Researchers with the Bureau of Economic Geology at the University of Texas at Austin (UT) reviewed the production capabilities and total gas in place (GIP) of the Barnett, Fayetteville, Haynesville and Marcellus plays.

The new study updates research conducted by UT on each of the four plays from 2011-2013, research that at the time was considered the most comprehensive of its kind on unconventional resources.

“Five years ago, we hardly thought of multilayer or stacked well drilling, or of quadrupling lateral well length,” said principal investigator Svetlana Ikonnikova, bureau research scientist.

Developments in drilling technologies, market conditions, cost structures and improvement in geological characterization prompted the research team to update the assessment, she noted. The team used 3-D modeling and advanced data analytics to enhance the understanding of:

Researchers determined that future gas wells in the four shale plays may technically recover about 780 Tcf — in addition to about 110 Tcf recovered by wells drilled to the end 2017. Technically recoverable gas may be produced using available technology and industry practices.

The previous estimate by the bureau put technical gas recovery of the four plays at about 650 Tcf. Total gas held in the four shale plays now is estimated to be 3,100 Tcf.

“The United States consumed about 27 Tcf of natural gas in 2017, so the new estimate suggests the addition of about five years of domestic consumption,” researchers said.

New drilling practices were credited with the improved recoveries and reduced costs/unit, which may allow producers to continue drilling “even during periods of low oil or natural gas prices.”

Increasingly, operators use stacked drilling to access gas by expanding the vertical reach of fracturing. Drilling wells closer together and installing wells that may run horizontally for two miles-plus also has improved recovery.

Co-principal investigator Katie Smye, a bureau geologist, said it’s important to understand the amount of GIP to verify what proportion has been recovered, then compare results across the formations to determine where additional wells may be drilled and efficiencies improved.

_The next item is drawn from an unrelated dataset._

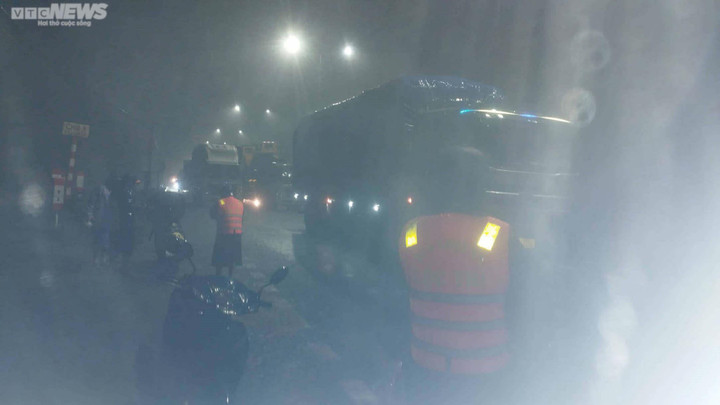 Thừa Thiên - Huế cấm lưu thông trên quốc lộ 1A, dân đưa ô tô lên cầu chạy lụt - 1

For instance, in the Haynesville and Marcellus plays, only 2-3% of total GIP is expected to be recovered by wells that have been drilled to date, she said. The percentage is influenced by several factors, including technology, economics and the amount of the play available for drilling.

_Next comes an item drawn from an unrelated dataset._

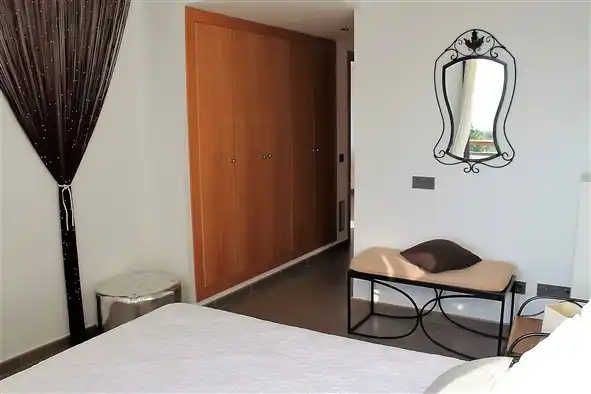 Schlafzimmer von Dachboden zur Miete in Cambrils mit Klimaanlage, Terrasse und Möbliert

“The Marcellus contributes the majority of the gas-in-place due to its size and resource density,” Smye said. “However, resource density in the Haynesville is comparable to the best areas in the Marcellus.”

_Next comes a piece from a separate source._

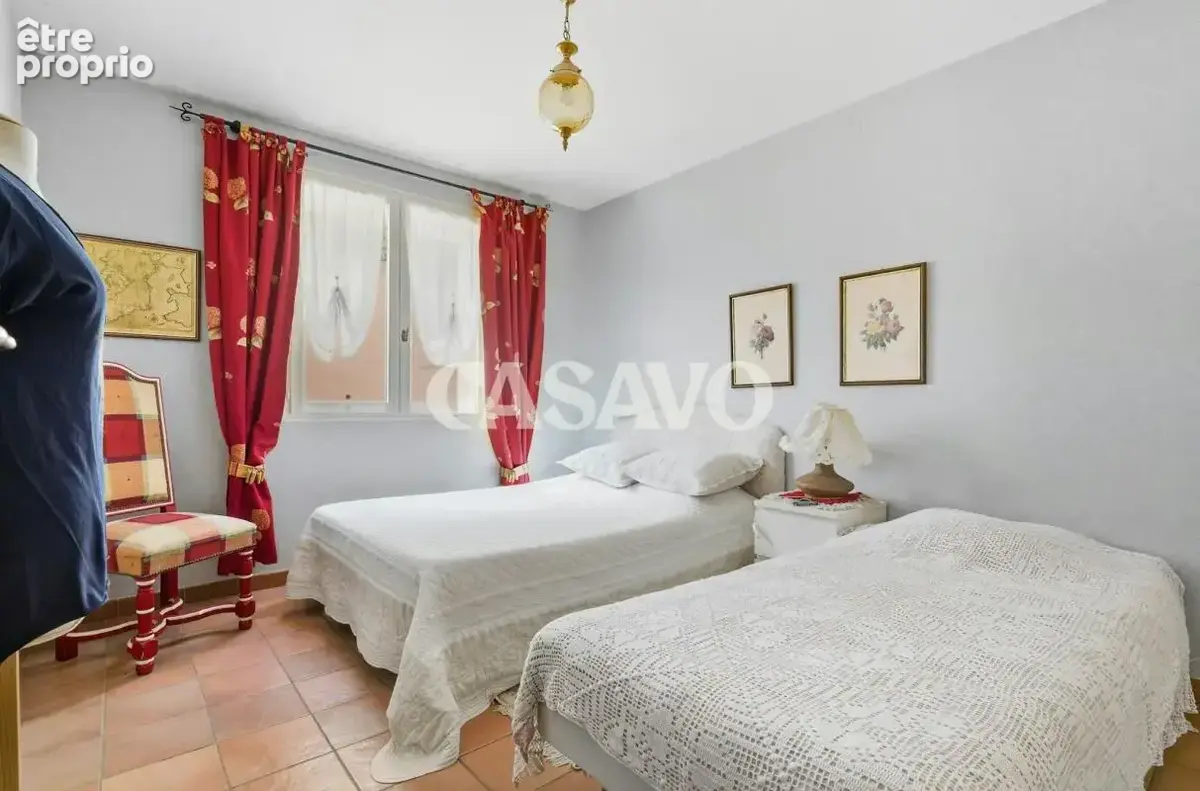 Vente Maison 7 pièces de 176m² - 13540 Aix-en-Provence - photo 13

In the base case scenario of the study, researchers assumed a natural gas price of $3.25/MMBtu and an oil price of $65/bbl.

“Despite being lower than price assumptions from the past analysis, these prices yielded a 20% increase in natural gas supply compared with the base case scenario in the original study.,” the research found.

Other price scenarios also were tested. A low gas price was tested at $2.75/MMBtu and an oil price of $50/bbl, as well as a high gas price of $4.50/MMBtu and $80/bbl oil. Scenarios were in line with price projections by the Energy Information Administration to about 2030.

“Even with the boost in production, the analysis shows production will plateau around 2030, barring a more dramatic price increase or boost in technology,” researchers noted.

The analysis emphasized the need to better understand cross-play dynamics in terms of capital allocation and investment decision making.

“Sharp declines in drilling and production from the Barnett and Fayetteville shales imply that these plays have matured, although they may simply be less attractive in terms of return on investment relative to other plays, especially those with more liquids production.”

The bureau’s Tight Oil Resource Assessment consortium also is working on Permian Basin, as it has attracted most investments in recent years.

The bureau is part of the UT Jackson School of Geosciences and is the State Geological Survey of Texas. The 15-member interdisciplinary Shale Production and Reserves Study team integrates engineering, geology and economics. Peer-reviewed studies of the technical analyses, funded by the Department of Energy’s National Energy Technology Laboratory, are be published in the coming months.